Subject: Re: panic
To: Frank van der Linden <frank@wins.uva.nl>
From: Bill Sommerfeld <sommerfeld@orchard.arlington.ma.us>
List: tech-kern
Date: 03/25/1999 10:06:45
> I'm not exactly happy with this "fix".. 

I'm not particularly happy with it, either, but having a "crash your
system in one easy unprivileged read() call" isn't exactly pretty.

> it merely masks an error in the kernel and might make an application
> fail in mysterious ways.  I'd really like to see it get fixed for
> real (yes, I know that the vnode locking "protocol" is a horror).

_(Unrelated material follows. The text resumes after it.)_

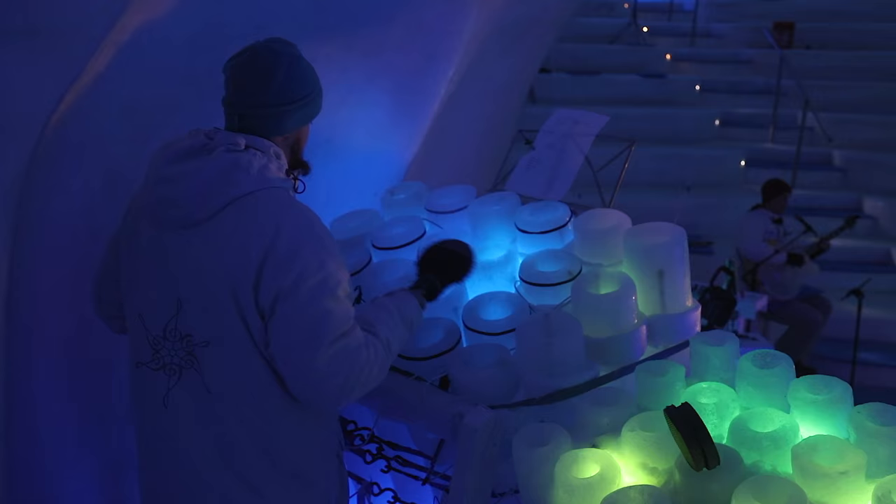The ice instrument is made of frozen water. We're made of melted water. And that physical connection opens the door for a spiritual connection. And for me, when I listen to an ice instrument, it just makes me happy.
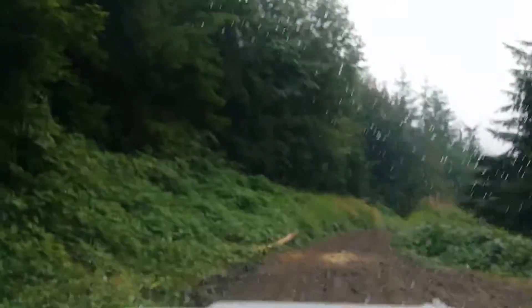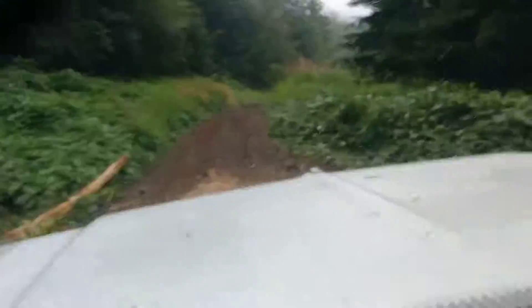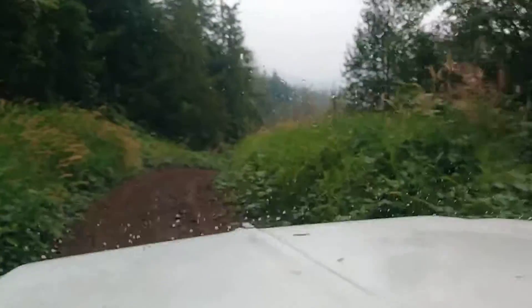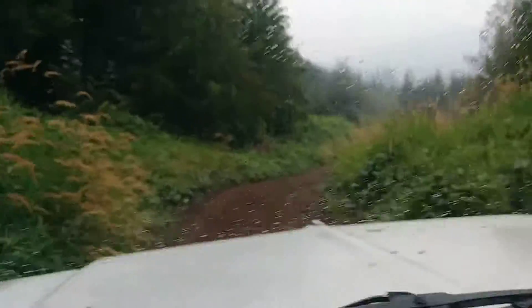Do we have the camera rolling the whole time? I almost wish I would have put a big scar or scrape or dent on this thing through that area to remember it by. Now we're back to civilized road almost here. Love the sound of that YN transfer case — old-school.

Another approach to fixing this occurred to me:

In vn_read/vn_write, if the vnode being operated on is mmap'ed by
*anyone*, we might have this particular screw case, so
wire the user buffer pages before we lock the vnode (which will have
the side effect of paging them in if not present), and restore the
previous wired state afterwards.  

more concrete proposal:

Define a new function exported by uvm:

       uvm_uio_pageable (struct uio *uio, int pageable);

This calls uvm_map_pageable() for each iov component referenced from
uio .  (the uio contains a pointer to the appropriate user space
process, from which we can find the appropriate map).  This will
increase/decrease the wire count for each page referenced by the uio,
so if the memory is already wired, we won't unwire it.  If this fails,
cause the I/O to fail with EFAULT, since it would have already.

In vn_read/vn_write, before the vn_lock call, we check if the vnode is
mapped by looking at whether (vn->v_uvm.u_flags & UVM_VNODE_VALID) is
set (is this the right way to do this?)

If set, we set a flag, copy the uio and its iov (since uiomove will
side-effect the pointers in it), and call uvm_uio_pageable(uio,
FALSE).

After the VOP_UNLOCK, if the previously set flag is set, we undo this
with uvm_uio_pageable(uio, TRUE);

One change in application-visible behavior here is that a read() call
done on an mmap'ed file when the application "knows" the file is
shorter than the passed buffer length (and doesn't give it a
full-length buffer) will lose.  Conceivably we could work around this
by making uvm_uio_pageable work a page at a time, stopping (and
truncating its copy of the uio/iov) when it hit a bad page.

Comments?

					- Bill